Tale of a Tub: Study Questions

1. When A Tale of a Tub was published, many felt it to be anti-religious (a reaction that was one of the reasons why Swift never quite admitted he wrote it), but Swift himself argued that it was truly religious because it attacked false religiosity. If it is religious, what is the nature of its religious position? (The answer should be more detailed than saying that the Anglicans win.)

2. A Tale of a Tub is rich in the detail of its allegory and the intertwining of allegory with satire on interpretation. What are the details of Swift's allegory, and what is the relationship between our interpretation of the allegory and the brothers' interpretation of the will? This question arises again in considering the relation of the allegorical sections to the digressions (see question 8).

3. After working our way through a list of treatises, an apology, a dedication, a letter from the bookseller, another dedication, and a preface, we finally make our way to the body of the book, which begins, of course, with an introduction. (If "study questions" had been a genre of the late 17th century, Swift surely would have added some.) Some of prefatory materials are ostensible written by different people. Who are they? In what respects and to what ends are they ironic? Is this endless prefatory material in fact a genuine introduction to the book? That is, does it provide useful information about Swift's topic, his genre, and his way of approach?

4. The movement from the "Preface" to the "Introduction" suggests an overlap between the prefatory material and the body of the work (if it can be said to have any body at all). Therefore it implies an overlap between the previous question and this one. Who is the speaker of A Tale of a Tub proper? This is not an easy question: it has consumed the energies and haunted the sleep of tougher critics than I. Four theories emerge from the miasma of text and commentary thereon: (1) the speaker is Swift, and he is having one hell of a good time; (2) the speaker is a characterized figure (a.k.a. "the Hack" or "the Modern") who represents Swift's major satiric target--moderns (see question 5); (3) the speaker is a poltergeist of Johannes Gutenberg, the spirit of print--the medium is not only the message but the messenger; (4) what speaker? there is no speaker (or at least no reasonably consistent one) but primarily the projection of the text itself, different in different passages. Don't just draw straws or throw the I Ching. The real question is, what difference does the way in which we identify the speaker make to the way in which we interpret the text?

5. If there is a speaker at all, he is, or sometimes pretends to be, a modern (as distinct from an ancient). What is a modern? What are modern beliefs or modern methods of authorship, and why are they important satiric targets for Swift? (By way of completion, one might ask what an ancient is?) See, especially "A Digression in the Modern Kind."

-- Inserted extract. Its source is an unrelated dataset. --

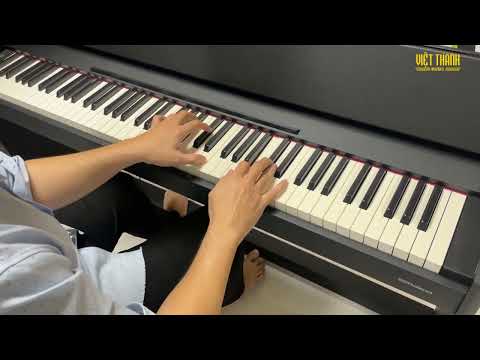 Roland F107 – Piano droit numérique meuble compact - Vidéo 4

6. In addition to attacking moderns, openly and (mainly) ironically, in various passages, Swift appends a panoply of notes, typographical oddities, allusions, and references to actual scholars (some of whom had attacked earlier editions of A Tale of a Tub). What is the significance of this panoply of devices? Who are Bentley and Wotton, and such critics? What is their function in Swift's text, and what is their relationship to such later moderns as you and me?

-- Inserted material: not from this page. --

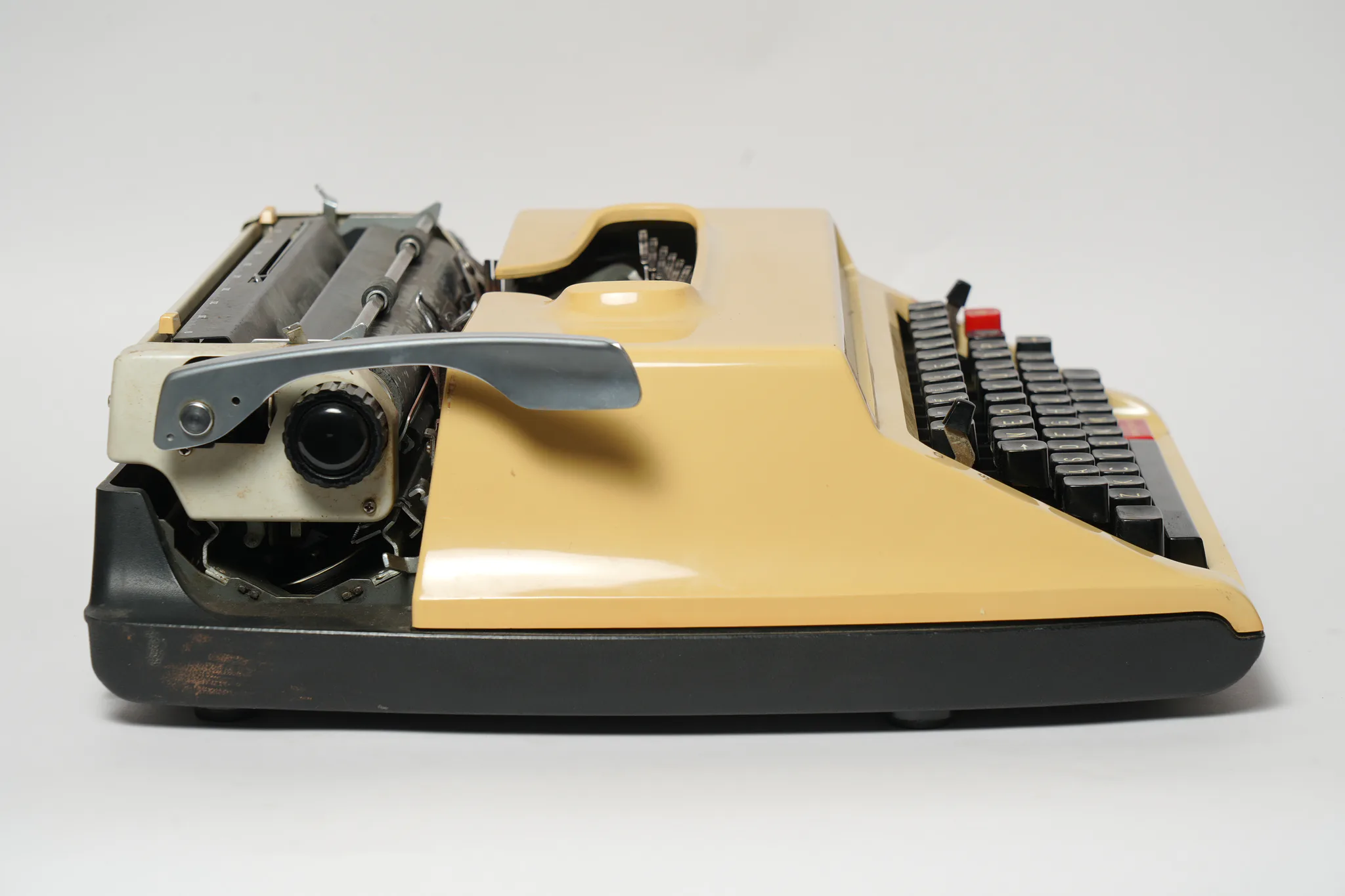 Brother Deluxe 1600 Vintage Mechanical Typewriter — photograph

7. The crux of A Tale of a Tub (which might itself be described as cruciform in structure) is "A Digression Concerning Madness," and we will want to look at it very closely, with particular attention to its shifting voices, its yoking of disparities, and its role in the structure of Swift's work. It is a particularly apt section for considering the nature of the putative author. To what degree does Swift (or do we) agree with the author's contentions? For starters, is happiness "the Possession of being well deceived"?

8. What is the relationship between madness and aeolism? Does that relationship provide a bridge between the religious allegory and the modernist digressions? What other important connections between the religious allegory and the digressions derive from the connections between madness and aeolism?

9. Like much of Swift's other work, A Tale a Tub contains a great deal of, shall we say, organic material, and one of the persistent elements is its return to a usually reductionistic bodily imagery. Pay attention to such images as they occur. What generalizations can you make about their function? (Are they, as Swift would say, fundamental to the text?) Or is their importance merely local? What is the relationship between the physical body and thought in Swift's satiric discourse?

10. The nature of Swift's imagery and the various ways in which he extends figurative language to its logical conclusions are only part of his general assault on language in A Tale of a Tub. Another weapon is punning. To what extent and in what ways is language itself a subject of A Tale of a Tub? Is it an object as well as vehicle of satire? (Are the Houyhnhnms well off in not having writing?)

11. The author ultimately admits that he must conclude the story because he forgets how it ends. What do you make of the various conclusions of A Tale of a Tub?

12. A Tale of a Tub is one of those works (like those of Rabelais, like Byron's Don Juan, and like Gulliver's Travels) that seems to set up a powerful structure that allows the most general satiric scrutiny of a whole culture. What is the nature of the structure, and what does it allow us to perceive?